這般一交待,寒冬臘月的守在家門子裡也無事可幹,巖鎮那邊閒著的村戶、媒人便到赤山來訪親說媒,這邊的民戶呢,見著巖鎮的人屢屢過來,得曉了關口大開,也過去走親戚,然則兩邊的人不同的是,巖鎮是來探望親戚,赤山這邊過去是衝著借米借糧去的。

兩頭一走動,方才曉得兩邊的日子不過一兩年間,竟是發生了翻天覆地的變化。

從前誰人說起都要搖頭砸吧一句窮、偏的巖鎮,這般隆冬雪月裡,家家都囤著燒用不完的柴火,農家土坯壘得屋,走進去也暖和的跟春月裡似的,灶下的炭就沒見熄過。

戶戶都在吃一種圓不熘秋的地果子,這家洗了灶上燻著的臘肉燒來做招待,那家把地果子蒸熟了搗成羮,捏碎了熟雞子和進去,像是糕點似的。

哎呀,家家戶戶都有花樣來鑽研地果子的吃法,左右都是弄得又香又糯不說,可頂飽得很,兩小碗下肚皮,早間走著來,晚間走著回去也都不餓。

以前瞧不起巖鎮的,閉口不敢再說一句不是,只挑了眼兒的這看了又那看:“這亂的世道,吃人的天時,怎就還把日子越過越好了?”

巖鎮的民戶見著赤山的親戚來了家裡一改往時的派頭,心中那是止不住的得意:“還不是俺們衙司上幾位大人得力,啥事兒都替俺們想得周到,俺們就啥都不肖操心,依著大人的話耕地,種地果子,通溝,這不就過成現在的模樣了嘛。

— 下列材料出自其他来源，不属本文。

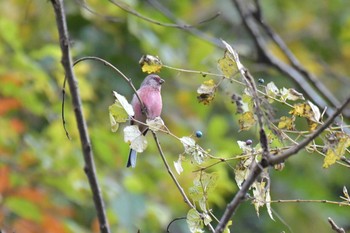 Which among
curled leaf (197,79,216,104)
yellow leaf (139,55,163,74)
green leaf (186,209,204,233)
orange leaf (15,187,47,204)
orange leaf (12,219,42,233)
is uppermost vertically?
yellow leaf (139,55,163,74)

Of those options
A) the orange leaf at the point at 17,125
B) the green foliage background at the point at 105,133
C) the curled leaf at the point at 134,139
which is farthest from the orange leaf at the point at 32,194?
the curled leaf at the point at 134,139

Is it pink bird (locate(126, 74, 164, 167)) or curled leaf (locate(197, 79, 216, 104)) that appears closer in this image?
curled leaf (locate(197, 79, 216, 104))

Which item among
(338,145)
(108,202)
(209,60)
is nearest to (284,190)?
(209,60)

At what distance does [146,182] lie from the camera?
4.76 metres

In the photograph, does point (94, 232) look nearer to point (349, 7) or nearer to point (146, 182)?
point (146, 182)

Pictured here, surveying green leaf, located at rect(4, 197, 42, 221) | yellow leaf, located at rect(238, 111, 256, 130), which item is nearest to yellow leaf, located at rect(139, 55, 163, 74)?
yellow leaf, located at rect(238, 111, 256, 130)

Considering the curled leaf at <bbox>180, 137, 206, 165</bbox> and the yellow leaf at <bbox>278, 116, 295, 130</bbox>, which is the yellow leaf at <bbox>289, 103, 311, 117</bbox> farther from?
the curled leaf at <bbox>180, 137, 206, 165</bbox>

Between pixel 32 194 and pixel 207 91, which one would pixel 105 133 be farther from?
pixel 207 91

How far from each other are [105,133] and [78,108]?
2.70 metres

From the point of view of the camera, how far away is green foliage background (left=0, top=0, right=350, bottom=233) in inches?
183

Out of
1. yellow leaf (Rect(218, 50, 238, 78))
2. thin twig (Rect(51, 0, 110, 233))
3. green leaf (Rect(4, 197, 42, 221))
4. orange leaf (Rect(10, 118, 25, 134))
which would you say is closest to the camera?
thin twig (Rect(51, 0, 110, 233))

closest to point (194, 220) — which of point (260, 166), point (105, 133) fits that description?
point (260, 166)

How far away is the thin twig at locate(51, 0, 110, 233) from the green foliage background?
6.62 feet

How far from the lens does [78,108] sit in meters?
1.73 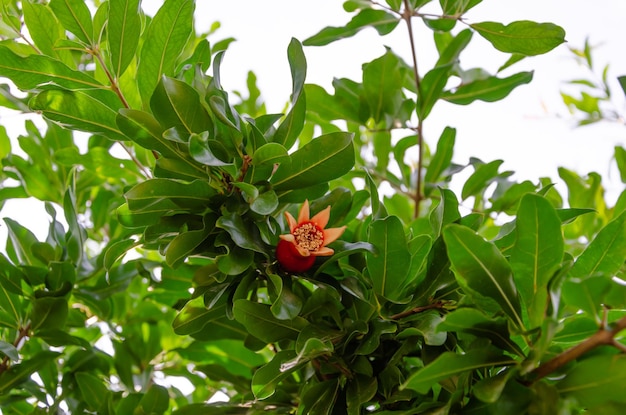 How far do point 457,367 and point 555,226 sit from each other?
0.54 feet

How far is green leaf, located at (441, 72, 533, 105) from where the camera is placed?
1120 millimetres

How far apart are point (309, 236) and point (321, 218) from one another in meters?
0.05

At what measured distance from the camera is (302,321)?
31.8 inches

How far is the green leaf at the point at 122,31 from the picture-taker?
87 centimetres

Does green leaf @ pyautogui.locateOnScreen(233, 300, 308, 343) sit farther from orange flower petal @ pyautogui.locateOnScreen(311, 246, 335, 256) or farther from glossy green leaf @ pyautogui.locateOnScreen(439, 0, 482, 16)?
glossy green leaf @ pyautogui.locateOnScreen(439, 0, 482, 16)

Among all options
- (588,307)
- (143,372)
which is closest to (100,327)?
(143,372)

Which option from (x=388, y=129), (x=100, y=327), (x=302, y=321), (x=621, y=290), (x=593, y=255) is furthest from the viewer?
(x=100, y=327)

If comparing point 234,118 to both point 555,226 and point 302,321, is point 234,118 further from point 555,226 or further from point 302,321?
point 555,226

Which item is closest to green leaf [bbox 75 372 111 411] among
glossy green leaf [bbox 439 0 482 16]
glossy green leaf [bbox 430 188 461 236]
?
glossy green leaf [bbox 430 188 461 236]

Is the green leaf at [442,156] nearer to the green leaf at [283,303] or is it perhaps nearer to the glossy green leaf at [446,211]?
the glossy green leaf at [446,211]

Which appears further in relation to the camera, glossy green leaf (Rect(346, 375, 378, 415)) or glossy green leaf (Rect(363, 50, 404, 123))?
glossy green leaf (Rect(363, 50, 404, 123))

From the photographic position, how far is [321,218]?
835mm

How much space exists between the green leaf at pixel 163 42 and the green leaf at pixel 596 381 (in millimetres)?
589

”

“你們也別急嘛,不是說倆鎮子要合併麼,俺們大人去你們那頭主事了,你們別跟大人強,他們喊幹啥就幹啥,日子一準兒差不了。”

這不,兩頭的民戶一來往,日子有了差別,村戶們有的看著了,有的聽著了巖鎮的日子好,再見著那些退伍計程車兵大罵衙司的人別有用心,已是有了自己的腦筋,不信他們的話了。

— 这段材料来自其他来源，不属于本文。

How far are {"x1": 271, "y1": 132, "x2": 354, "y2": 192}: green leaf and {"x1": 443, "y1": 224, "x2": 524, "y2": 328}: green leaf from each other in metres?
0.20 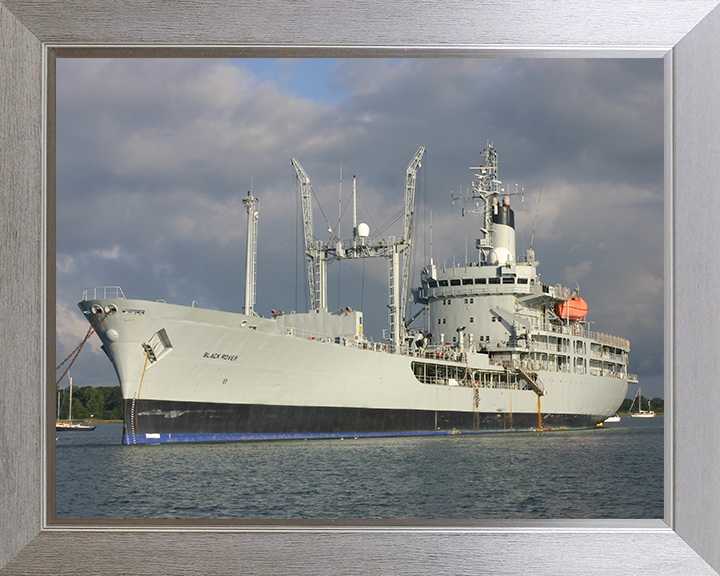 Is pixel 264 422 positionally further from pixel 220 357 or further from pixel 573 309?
pixel 573 309

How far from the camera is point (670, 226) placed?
175 inches

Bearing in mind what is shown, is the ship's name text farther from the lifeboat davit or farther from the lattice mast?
the lifeboat davit

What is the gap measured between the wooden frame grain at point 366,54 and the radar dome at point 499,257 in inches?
1162

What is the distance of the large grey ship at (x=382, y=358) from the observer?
65.0ft

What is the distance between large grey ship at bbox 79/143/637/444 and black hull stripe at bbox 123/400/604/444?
Answer: 0.14 ft

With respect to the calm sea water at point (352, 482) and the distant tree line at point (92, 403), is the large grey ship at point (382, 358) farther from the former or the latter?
the distant tree line at point (92, 403)

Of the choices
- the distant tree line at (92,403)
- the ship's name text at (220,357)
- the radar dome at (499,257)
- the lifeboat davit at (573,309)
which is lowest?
the distant tree line at (92,403)

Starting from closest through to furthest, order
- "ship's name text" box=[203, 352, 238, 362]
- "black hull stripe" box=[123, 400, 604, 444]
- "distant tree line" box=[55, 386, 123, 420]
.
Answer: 1. "black hull stripe" box=[123, 400, 604, 444]
2. "ship's name text" box=[203, 352, 238, 362]
3. "distant tree line" box=[55, 386, 123, 420]

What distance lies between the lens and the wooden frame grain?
4.23 metres

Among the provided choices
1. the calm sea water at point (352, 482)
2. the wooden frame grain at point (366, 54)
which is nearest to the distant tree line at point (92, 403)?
the calm sea water at point (352, 482)

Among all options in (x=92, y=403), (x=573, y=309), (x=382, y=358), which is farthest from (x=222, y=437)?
(x=573, y=309)

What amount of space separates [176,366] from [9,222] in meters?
16.1

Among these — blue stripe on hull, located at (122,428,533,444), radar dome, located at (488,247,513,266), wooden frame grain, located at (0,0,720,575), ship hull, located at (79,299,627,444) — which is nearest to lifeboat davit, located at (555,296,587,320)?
radar dome, located at (488,247,513,266)

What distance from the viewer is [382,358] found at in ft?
80.9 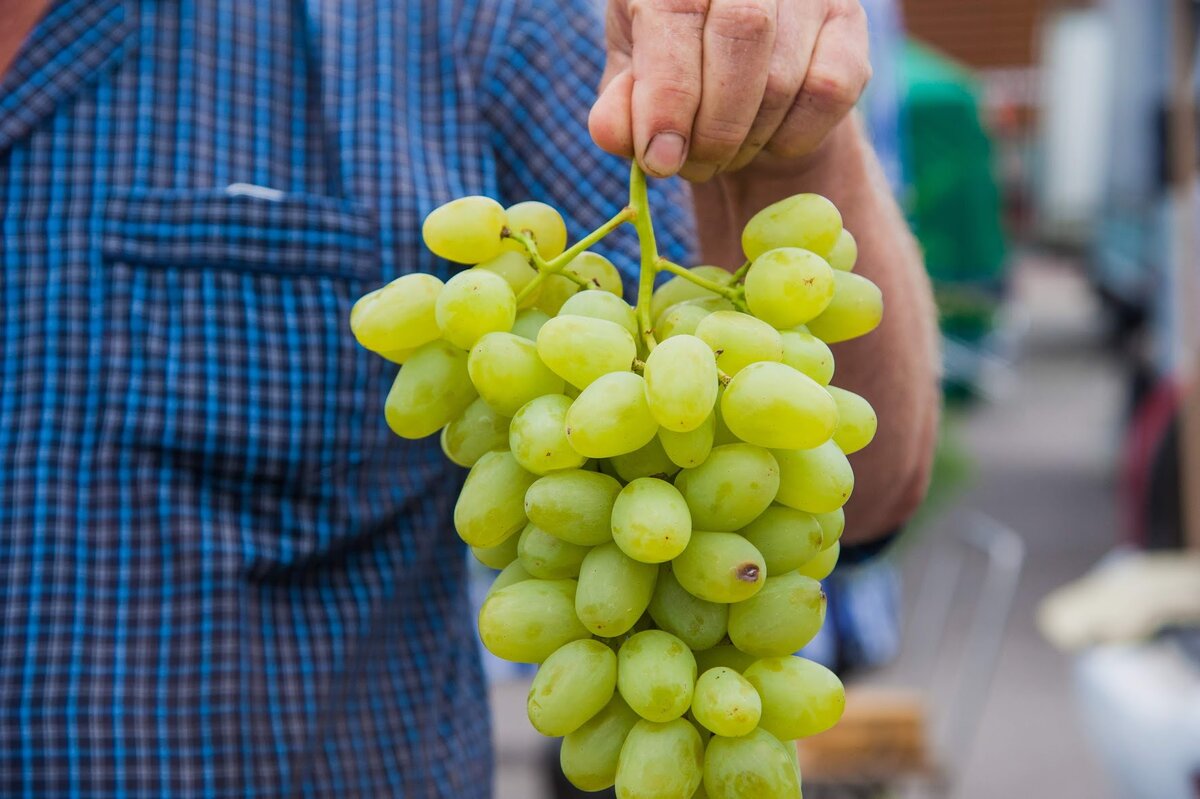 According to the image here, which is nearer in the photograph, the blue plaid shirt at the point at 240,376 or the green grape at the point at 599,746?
the green grape at the point at 599,746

有幾個農戶去巖鎮的親戚家裡藉著了糧食,都還盼著日子真能似巖鎮那邊的親戚說的,聽衙司大人的安排重新過得好起來,見不得這些個逃兵光蹦躂卻不見給人半分好處,便偷摸兒的去告了官。

宋雪木正愁捉不著人,這般有了民戶協助,一兌兒就將那些躲在民戶裡煽動人生事的給一鍋端了。

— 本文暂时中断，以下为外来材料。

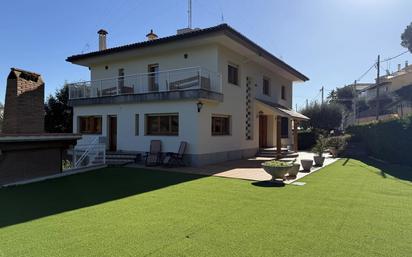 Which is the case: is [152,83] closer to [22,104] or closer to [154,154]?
[154,154]

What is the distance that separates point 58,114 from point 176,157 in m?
21.0

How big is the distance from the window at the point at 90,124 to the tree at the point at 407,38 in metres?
51.7

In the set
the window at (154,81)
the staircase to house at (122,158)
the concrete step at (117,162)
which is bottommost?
the concrete step at (117,162)

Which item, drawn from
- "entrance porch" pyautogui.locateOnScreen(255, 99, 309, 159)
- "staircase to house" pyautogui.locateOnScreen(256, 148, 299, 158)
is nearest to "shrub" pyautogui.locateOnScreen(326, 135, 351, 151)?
"entrance porch" pyautogui.locateOnScreen(255, 99, 309, 159)

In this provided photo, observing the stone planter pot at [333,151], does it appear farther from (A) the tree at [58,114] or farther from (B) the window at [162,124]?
(A) the tree at [58,114]

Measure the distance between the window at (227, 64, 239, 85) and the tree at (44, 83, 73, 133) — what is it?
1947 centimetres

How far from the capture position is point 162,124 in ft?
61.5

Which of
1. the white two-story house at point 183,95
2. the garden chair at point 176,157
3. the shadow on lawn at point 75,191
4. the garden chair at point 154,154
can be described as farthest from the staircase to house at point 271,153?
the shadow on lawn at point 75,191

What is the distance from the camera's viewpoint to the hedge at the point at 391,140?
18.5 m

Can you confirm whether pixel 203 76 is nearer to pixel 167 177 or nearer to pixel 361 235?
pixel 167 177

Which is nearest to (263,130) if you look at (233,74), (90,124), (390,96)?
(233,74)

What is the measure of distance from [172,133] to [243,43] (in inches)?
271

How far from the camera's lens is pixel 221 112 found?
1911 centimetres

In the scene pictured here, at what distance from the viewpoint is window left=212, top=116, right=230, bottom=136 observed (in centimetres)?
1895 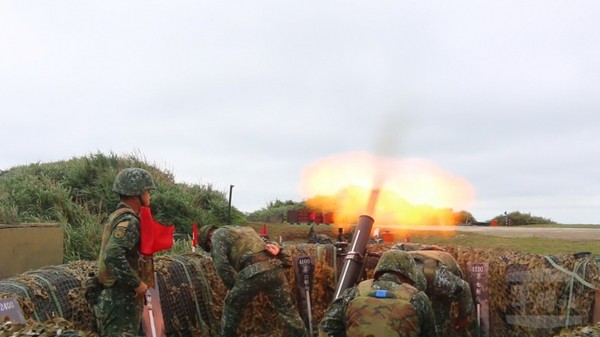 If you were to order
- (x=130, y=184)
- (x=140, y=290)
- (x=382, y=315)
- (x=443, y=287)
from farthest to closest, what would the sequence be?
(x=443, y=287), (x=130, y=184), (x=140, y=290), (x=382, y=315)

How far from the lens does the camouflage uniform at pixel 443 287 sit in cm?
670

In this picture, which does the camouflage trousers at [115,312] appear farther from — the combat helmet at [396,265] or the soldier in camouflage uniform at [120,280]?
the combat helmet at [396,265]

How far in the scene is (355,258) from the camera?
24.5ft

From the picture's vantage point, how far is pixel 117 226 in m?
6.06

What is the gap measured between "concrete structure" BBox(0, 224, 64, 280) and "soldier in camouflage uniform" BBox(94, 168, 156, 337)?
182 centimetres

既捉著了典型,自少不得要公開處置,好是教那些不安分的都收著心。

幾頭整治清肅,該罰的罰,該賞的賞,條令重整改正,赤山這頭可算是清淨了下來。

“人襲過來,整好借力,走圓轉環,刺!動作要領便是快準狠,一擊制敵,讓人沒有二次攻擊你的能力最佳。”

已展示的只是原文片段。